Gotta love the legacy of Jason Blair!
Mark
For someone who the left likes to from time to time point to as one of its great experts on foreign policy, he sure comes across as an airhead.
I'm rooting for GM (and all other carmakers)to toss the unions out on their a$$e$ and go to performance-based pay.
Maybe Friedman should have turned on C-SPAN today to see the President at the 16th Annual Energy Efficiency Forum. Or paid attention to the previous 4 years of Bush trying to get the energy bill passed.
It's the Democrats who have been MIA on energy. Do they even have a position other than "drilling in ANWR is bad"?
This statement proves that this guy has no idea what he's writing about.
I'm sure Friedman thinks his Toyota fantasy involves taking over the debt and obligations for the GM worker/retiree health and pension fund, and keeping the unions while doubling worker salary.
hahahahahahaha
Great! If mandating higher mileage cars is an effective tool, mandate 500 mpg. Problems solved.
Well, if you are, it means you have company- Who, in their right mind, doesn't want to see those stupid, insulting di-tech and goodwrench ads go away? Any corporation that stupid deserves to go belly - up! SOON!
The Hummer made a good deal of money for GM unless I'm misinformed.
THOMAS FRIEDMAN is a smart cookie
Tom can get bent.
If I am rooting for The New York Times to go bankrupt and be bought out by Fox News, does that make me a bad person?
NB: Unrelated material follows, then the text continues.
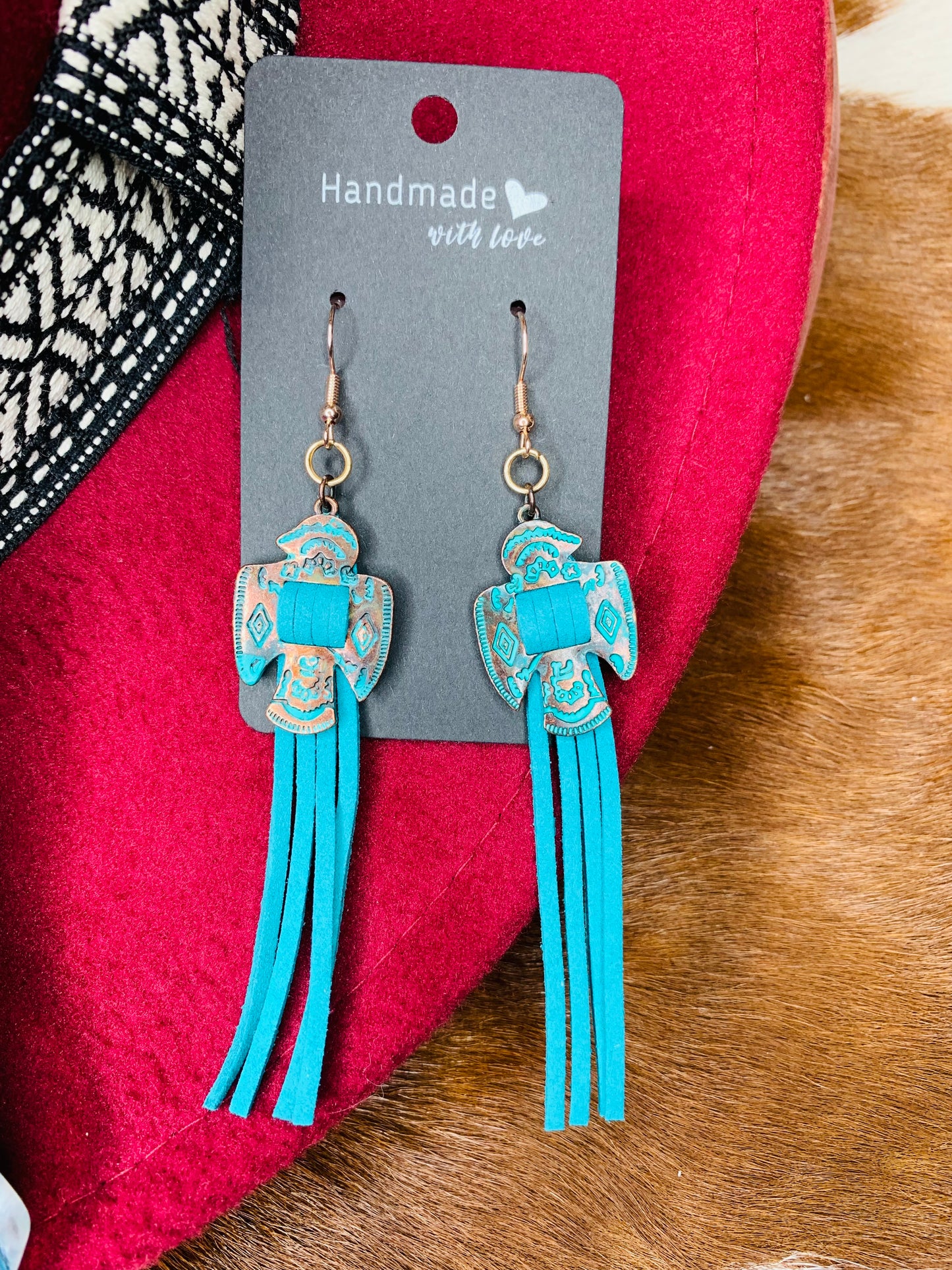 Teal Thunderbird Tassel Earrings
Republicans run the house and senate, Frist is a candy ass
Yes, but it wasn't a practical car for most people.
He knows talking points.
1. Chevrolet, which would handle the family car market plus the Corvette.
2. Cadillac, which would handle the luxury car market.
3. GMC Trucks, which would handle the light truck and SUV markets.
4. Isuzu Motors, which would handle light trucks and heavy trucks made in Japan.
5. A combined Opel/Vauxhall operation, which would handle models sold for European (and selected world) markets.
By the way, with interest in more fuel-efficient vehicles in the USA, we may see a number of Opel models make it to the USA. The current Zafira and Meriva models need very little modification to make them US-market compliant, and there is some talk that we may see the Meriva sold in the USA, where the car will be built in Korea by Daewoo Motors (which GM now has major controlling interest in).